(Extracted data entries)
==============================

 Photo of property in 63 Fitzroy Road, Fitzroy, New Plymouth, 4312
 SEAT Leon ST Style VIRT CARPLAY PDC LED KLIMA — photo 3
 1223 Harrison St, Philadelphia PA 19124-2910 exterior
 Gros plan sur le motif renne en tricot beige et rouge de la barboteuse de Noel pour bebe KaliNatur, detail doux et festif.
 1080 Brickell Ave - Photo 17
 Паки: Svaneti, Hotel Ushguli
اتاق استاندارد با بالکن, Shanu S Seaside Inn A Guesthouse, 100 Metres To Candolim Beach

==============================

## YOUR INSTRUCTIONS
Word for word, restate the lines from the one holding "1080 Brickell Ave - Photo 17" to the last line of the records.

## ANSWER TO THE PROBLEM
 1080 Brickell Ave - Photo 17
 Паки: Svaneti, Hotel Ushguli
اتاق استاندارد با بالکن, Shanu S Seaside Inn A Guesthouse, 100 Metres To Candolim Beach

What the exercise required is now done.